→ **What needs to be done**: Print the listing below only from the line that has "Sumber Foto: Sekretariat Bawaslu Sulut" through the line that has "Seaside Apartment Gdansk Exterior photo", exactly, and drop any picture.
[Start of section]
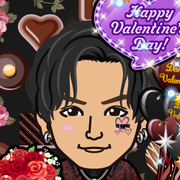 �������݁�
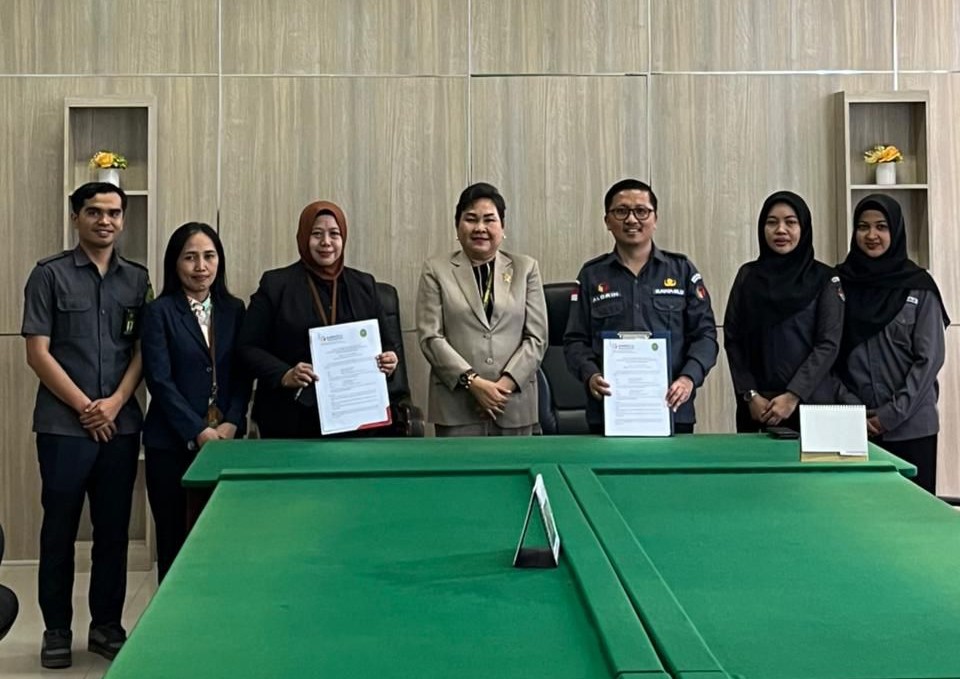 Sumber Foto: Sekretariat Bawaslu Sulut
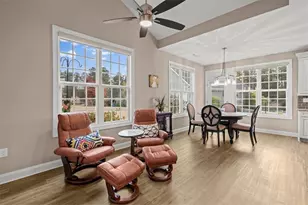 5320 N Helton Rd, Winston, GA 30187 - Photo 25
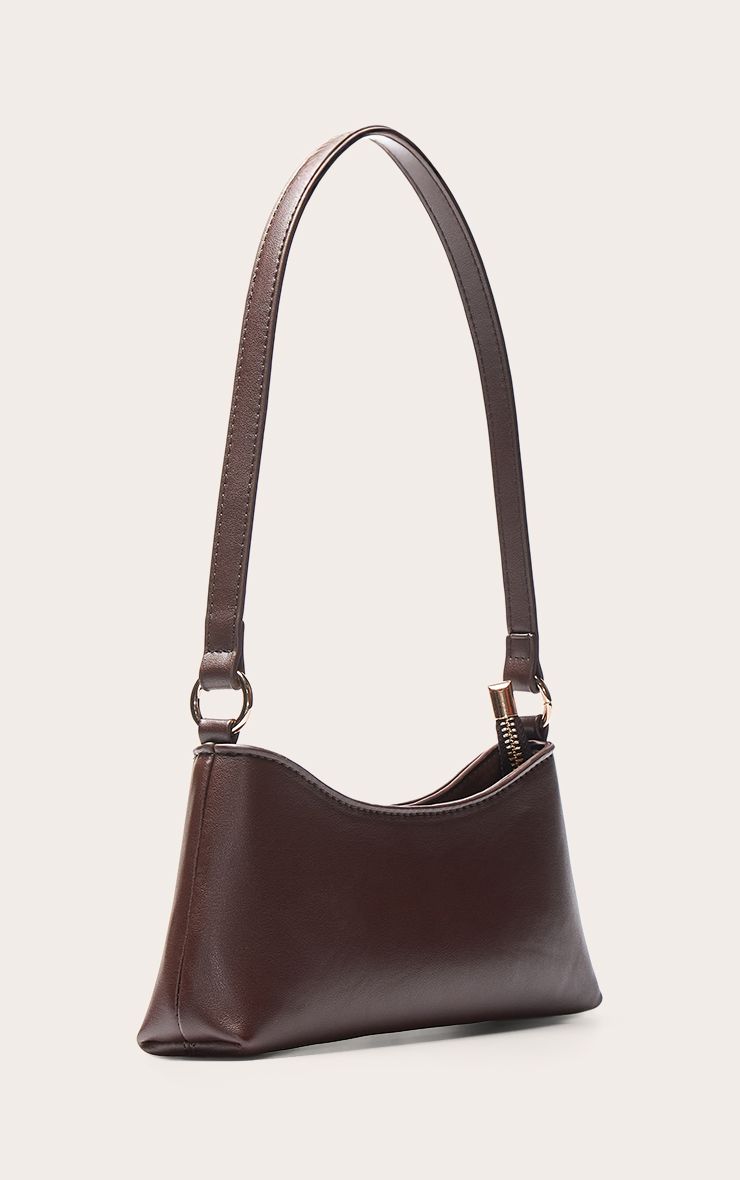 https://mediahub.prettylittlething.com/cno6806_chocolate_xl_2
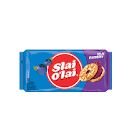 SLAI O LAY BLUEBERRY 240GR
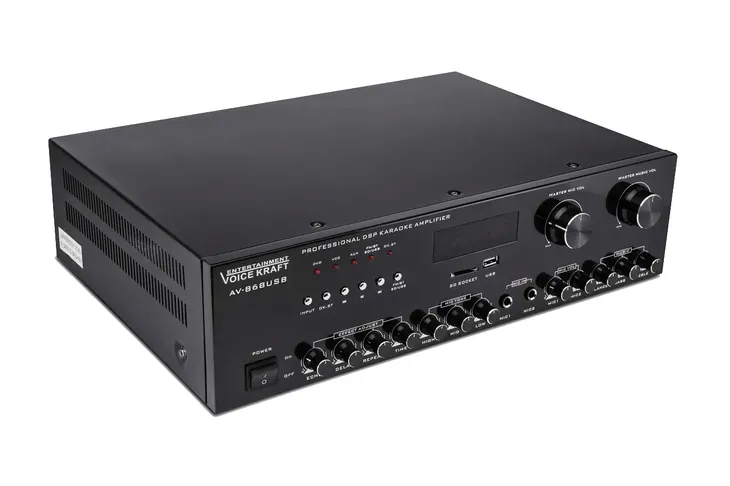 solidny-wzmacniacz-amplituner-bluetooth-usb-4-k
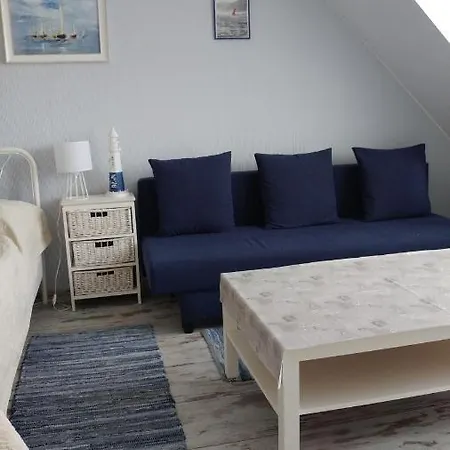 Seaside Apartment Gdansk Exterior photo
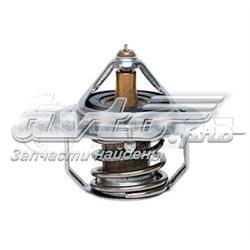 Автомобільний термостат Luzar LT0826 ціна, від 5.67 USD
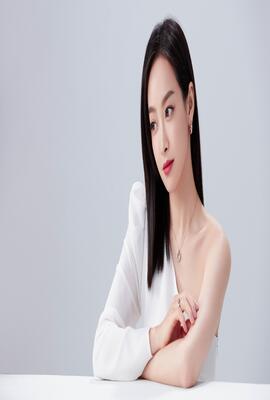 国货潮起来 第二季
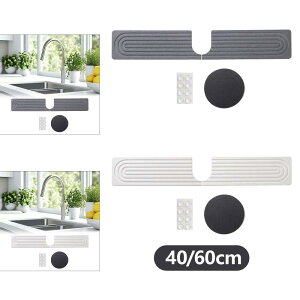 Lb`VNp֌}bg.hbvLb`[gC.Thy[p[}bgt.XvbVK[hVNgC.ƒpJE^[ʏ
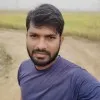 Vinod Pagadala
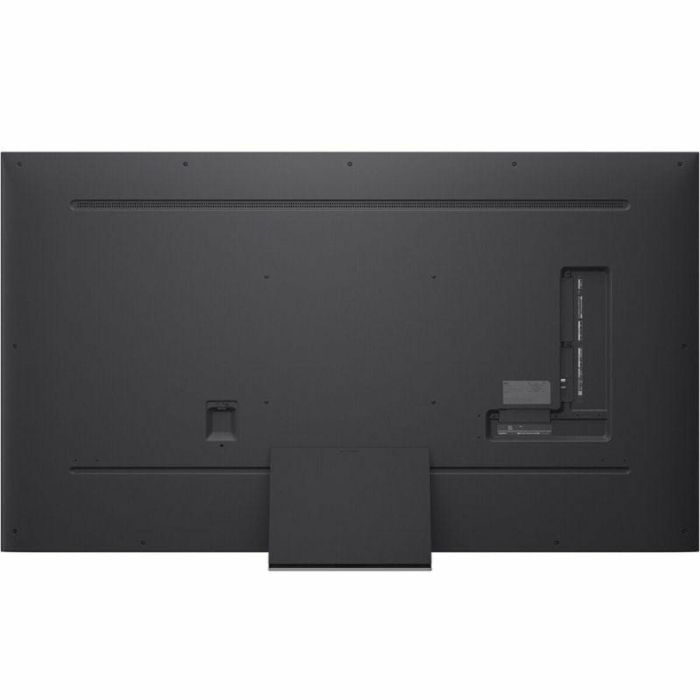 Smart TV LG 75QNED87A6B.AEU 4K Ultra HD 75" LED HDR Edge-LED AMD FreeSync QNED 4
[End of section]
→ **Result for this exercise**:
 Sumber Foto: Sekretariat Bawaslu Sulut
 5320 N Helton Rd, Winston, GA 30187 - Photo 25
 https://mediahub.prettylittlething.com/cno6806_chocolate_xl_2
 SLAI O LAY BLUEBERRY 240GR
 solidny-wzmacniacz-amplituner-bluetooth-usb-4-k
 Seaside Apartment Gdansk Exterior photo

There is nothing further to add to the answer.